Davantage de salariés
L’agriculture comptera toujours autant d’actifs, mais il y aura moins de chefs d’exploitation et plus de salariés — qu’il faudra savoir payer correctement. Ceux qui anticipent une « hémorragie » se trompent ! Il faut séparer les notions d’actifs à renouveler et d’entreprises à reprendre. La pyramide des âges entraînera certes des départs massifs d’agriculteurs, estimés à près de 200 000 dans les dix prochaines années.
Mais il n’y aura pas autant de fermes à transmettre, je parierai plutôt sur la moitié, soit 100 000. Car la moitié des exploitations sont en société et ne seront pas à céder. Dans un Gaec mère-fils, quand la mère part, soit le fils reste seul et simplifie son système, soit il trouve un associé, soit il embauche un salarié.
S’ouvrir aux capitaux extérieurs
Le foncier est un enjeu crucial. Les départs à la retraite vont accélérer la mobilité foncière : lorsque les baux sont au nom de l’agriculteur sortant, il y a un risque que le propriétaire en profite pour vendre. Ce qui peut gravement pénaliser le candidat à la reprise ou les associés restants. Il faut tout faire pour éviter que l’agriculteur ait à acheter les terres. Multiplier des sociétés foncières qui proposent des baux cessibles — comme cela existe pour les baux commerciaux — me semble une bonne solution. Les revenus d’un agriculteur doivent lui servir à vivre et à développer de la valeur ; or le foncier ne crée pas de la valeur !

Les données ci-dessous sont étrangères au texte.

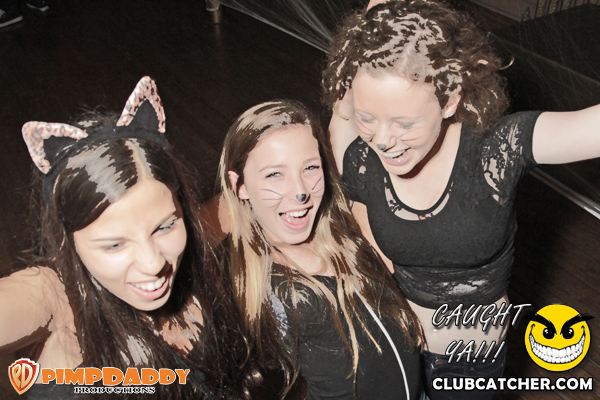 The Great Hall party venue photo 129 - October 28th, 2011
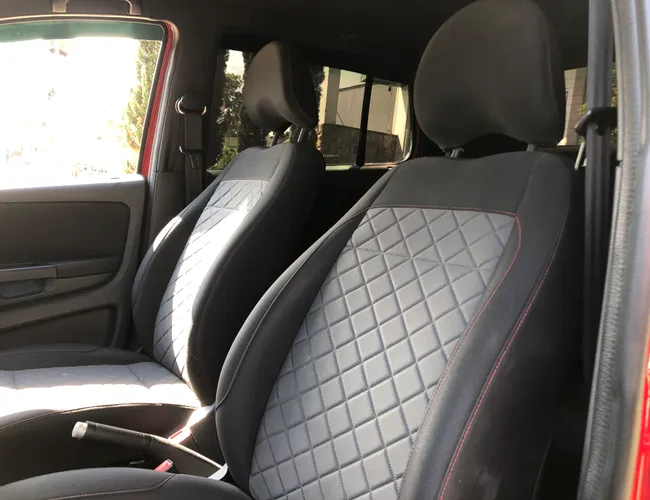 Imagem 8 – Fox 2020 1.6 Msi Total Flex Xtreme 4P Manual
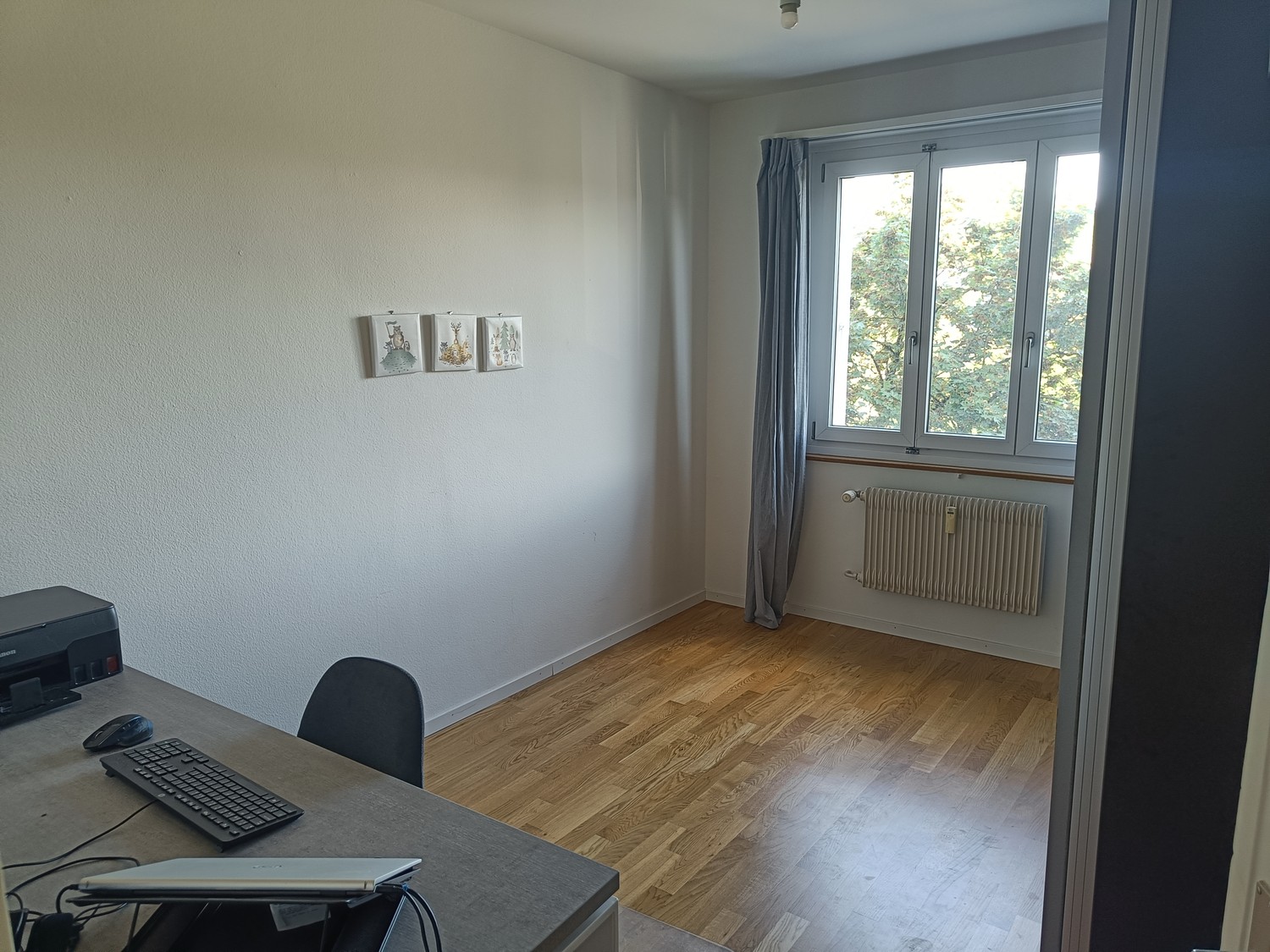 Appartamento di 3 ½ locali, foto 6 di 9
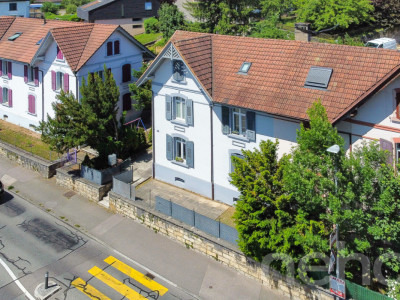 Immeuble locatif de 2 appartements avec entrées indépendantes image 2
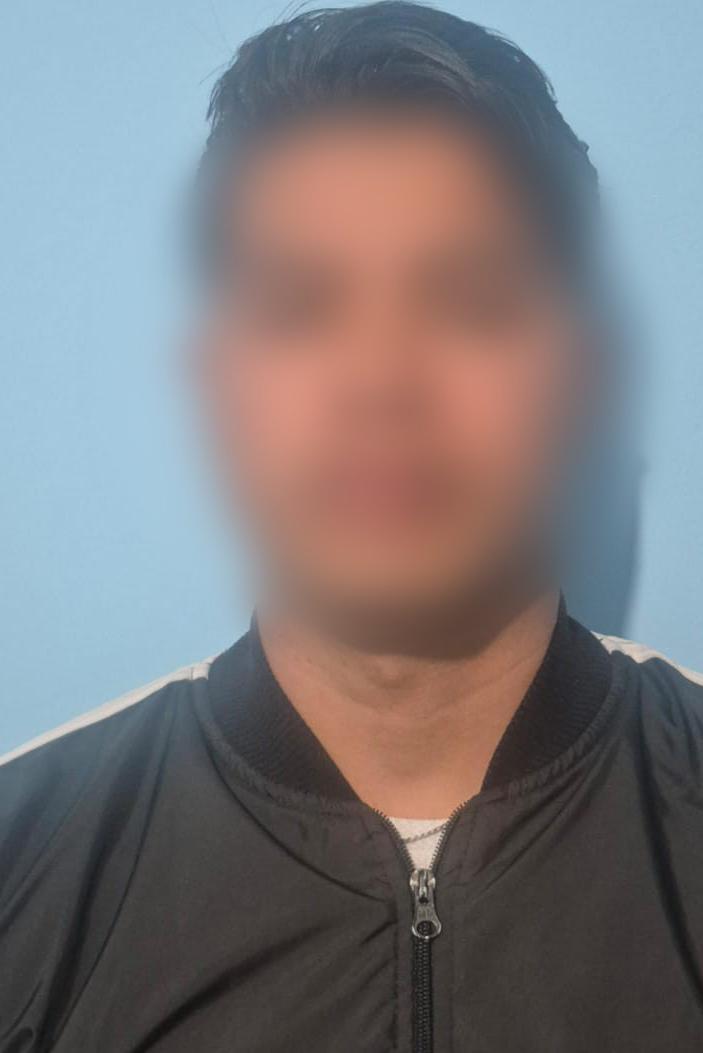 Policía Ecuador Zona 3 tweet media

La forte capitalisation des exploitations est aussi un frein à la reprise et à l’investissement. Il faut faire entrer des capitaux extérieurs dans les exploitations et partager la propriété des actifs. L’agriculteur pourra rémunérer ses actionnaires, ce qui lui coûtera moins cher que de rembourser un emprunt. Les dividendes versés sont comme les intérêts d’un prêt, mais il n’y a pas de capital à rembourser. Quant aux actionnaires, je pense qu’il serait dangereux que l’aval — coopérative et grande distribution — prenne directement des participations dans les exploitations. Mais un fonds d’investissement multi-actionnaires semble une voie intéressante.
Je suis résolument positif sur la capacité des agriculteurs à vivre de leur métier. Sur les 40 dernières années, le résultat moyen par agriculteur a triplé, alors que le revenu disponible par Français n’a que doublé. Certes, il y a de grandes disparités entre les filières. Mais je voudrais surtout mettre l’accent sur les écarts de performances entre les exploitations d’une même filière, qui interrogent sur les compétences individuelles des gérants, mais aussi sur l’efficacité des structures de conseil agricole. C’est un sujet qui dérange. Mais j’y vois une raison d’espérer : bien formés et mieux accompagnés, les exploitants n’en seront que plus performants."
(1) « 2041, l’odyssée paysanne. Pour la santé de l’homme et de la planète », Jean-Marie Séronie, 200 pages, aux Éditions France Agricole, 2022.